The specialist Italian café-delis are laid out so that people walk through the shop and go past the deli counter on their way to the café-restaurant. The idea is for them to eat and shop for food in the same visit.

The shop accounts for one-third of the turnover, compared with two-thirds from the restaurant, although the average spend in the two businesses can be similar. Priscilla estimates that the caf‚s have a £10-£15 average spend per head. "These places need a certain amount of foot traffic and are meant to be busy but without the fuss," she says. "In retailing, you measure success not so much by average spend as return per square foot. Running the two businesses is much more expensive than doing a restaurant on its own - retailing is a completely different animal."

So is it financially viable? Priscilla will say only that the existing three outlets are "extremely successful and profitable", acknowledging that they exceed the 10% net profit on turnover that financially successful restaurants achieve.

There are other differences between the restaurant and shop - for example, wages in retailing account for a much lower percentage of turnover. In a supermarket such as Tesco average wage costs are about 6%, while in catering it is more like 30%. The kitchen hygiene regulations are strict, but so too is the hygiene associated with a deli counter, where food is handled frequently and must be kept at the right temperature.

Priscilla believes that customers like the convenience of shopping and eating in one place. David Loewi, managing director of Conran Restaurants, agrees. "It is about giving the customer the whole eating experience," he says. At Conran Restaurants' Bluebird on London's King's Road, the shop sources fish and meat and produces bakery items for the restaurant, caf‚ and club, all housed on the same site.

Not the core business

Loewi says that this is an advantage, as retail customers can buy the same quality that is used in the restaurant. However, he admits, running a shop is not a restaurateur's core business. "The add-ons to the business are there for the customer," he says. "We do not just do it for financial reasons."

Bluebird is the company's second site with a shop - Le Pont de la Tour was the first - and, although Loewi is reluctant to reveal financial details, he says the company is pleased with the business.

Villandry on the capital's Great Portland Street was once just a food shop, with the restaurant coming later. The original business went into receivership and was bought three years ago by Martha Greene.
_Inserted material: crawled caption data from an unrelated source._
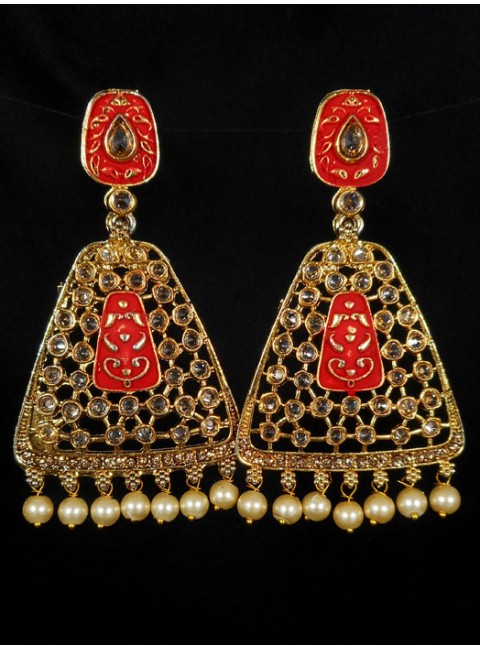 Reverse Ad Earrings With Meenakari Work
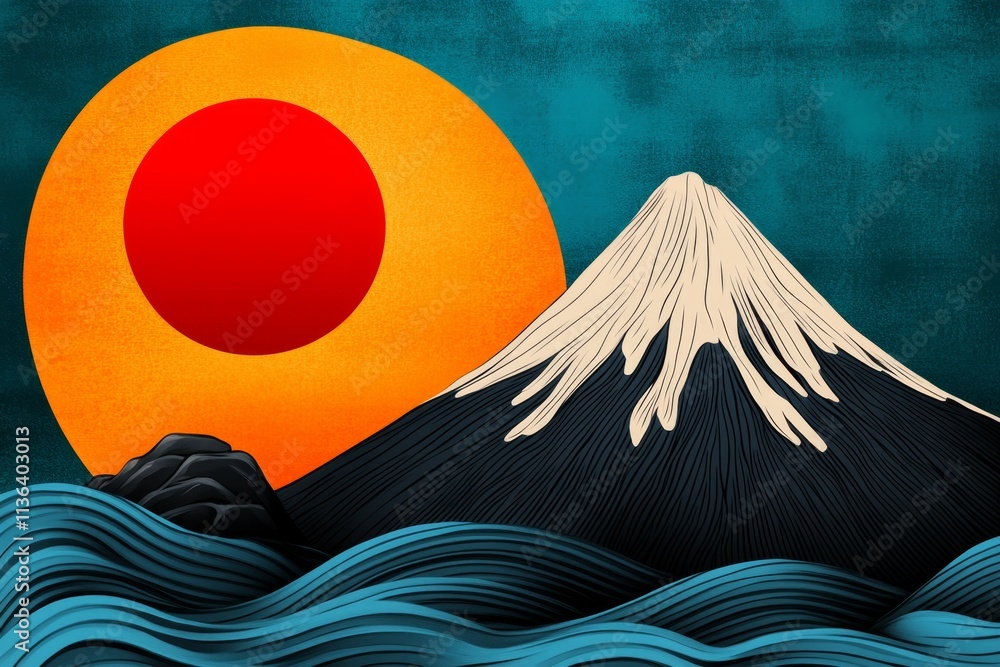 Poster a minimalist illustration of a mountain silhouette with a rising sun, symbolizing growth and transfo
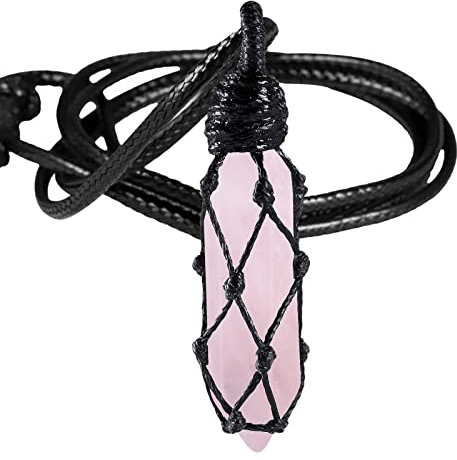 KYEYGWO Healing Crystal Stone Point Pendant Necklace for Men and Women, Crystal Hexagonal Pendant Reiki Healing Chakra Stone Necklace with Adjustable Wax Cord, Rose Quartz
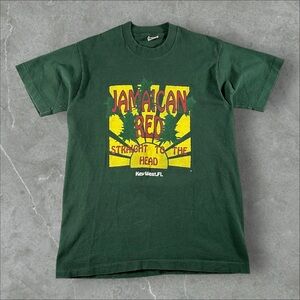 Vintage Jamaican Red Shirt Mens Medium Green 90s Weed Drug Tee Single Stitch USA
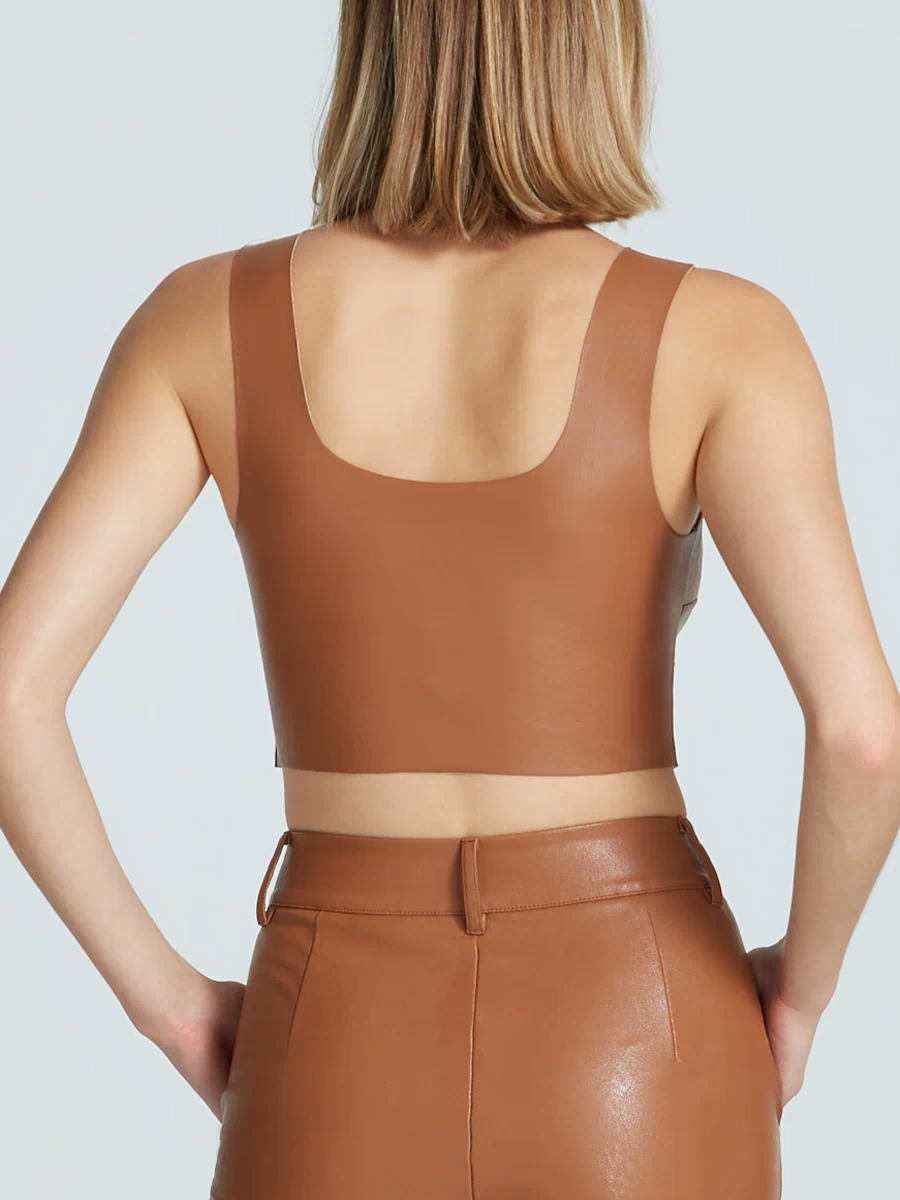 Faux Leather Squareneck Crop Top::Cocoa::Back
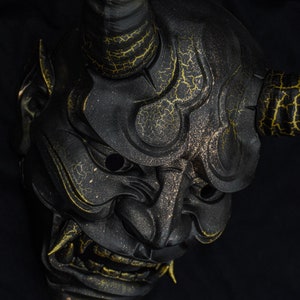 Masque Hannya en or noir, masque de guerrier japonais, fait main, cadeau pour lui, masque Oni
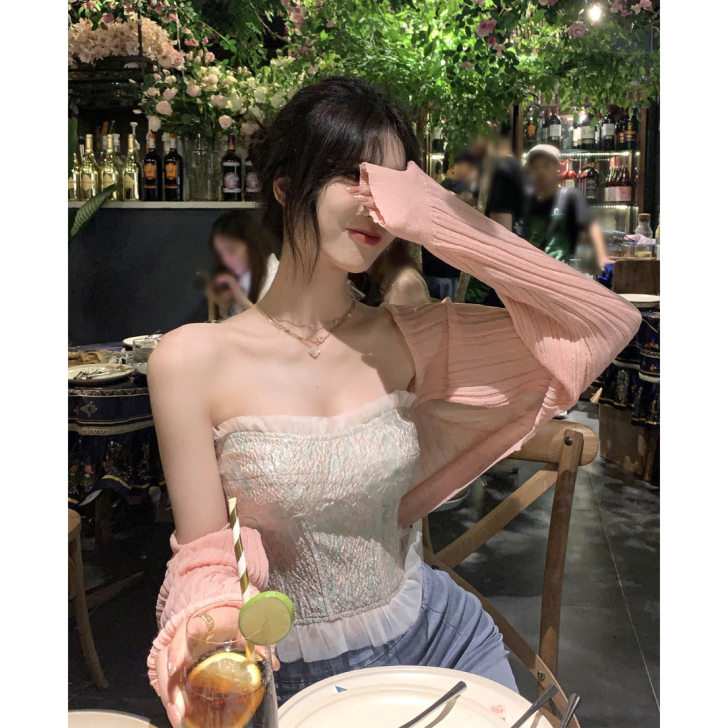 流光人鱼姬辣妹风纯欲抹胸上衣女夏外穿修身显...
She says that the ability to use food from the shop in the kitchen, and vice versa, cuts down substantially on wastage. "You might have figs that you can't sell but you can cook with, and so it becomes fig tart," she says.

This is possible, and necessary, partly because of the size of the operation, which includes a 100-cover restaurant, a 3,000sq ft shop and a bar. The restaurant menu changes twice a day to accommodate what is available.

While most operators have the deli in the restaurant or attached to it, one restaurateur has gone for a nearby location. Pascal Aussignac, chef-patron of the 60-seat Club Gascon, opened the 3,227sq ft Comptoir Gascon on London's Charterhouse Street in February. From there, it is only a short walk through Smithfield Market to the restaurant and Cellar Gascon, the wine bar, which opened last year. "We wanted to do this from the beginning, but it was very difficult to do the whole story when we first started," says Aussignac.

Two years spent finding the right site and getting planning permission, as well as an investment of £450,000, were needed to open the deli, which, like Aussignac's cooking, specialises in foods from south-west France. "Londoners are very receptive to new ideas and they like to tell you what they enjoy," he says. "Now, if they like the bread or the crockery in the restaurant, we can send them to Comptoir to buy it."

Comptoir Gascon has a bakery, which supplies the restaurant and Cellar Gascon, situated two doors down from the restaurant in west Smithfield. The shop also prepares the foie gras for which Club Gascon has become famous.

Although average spend in the restaurant is £45-£50 a head, against £15-£20 in the Cellar, Aussignac says that the range in the shop is much larger. Morning customers might spend £2 on bread or croissants, while lunchtime customers can spend £5-£10 on sandwiches, a deli selection or food for the evening.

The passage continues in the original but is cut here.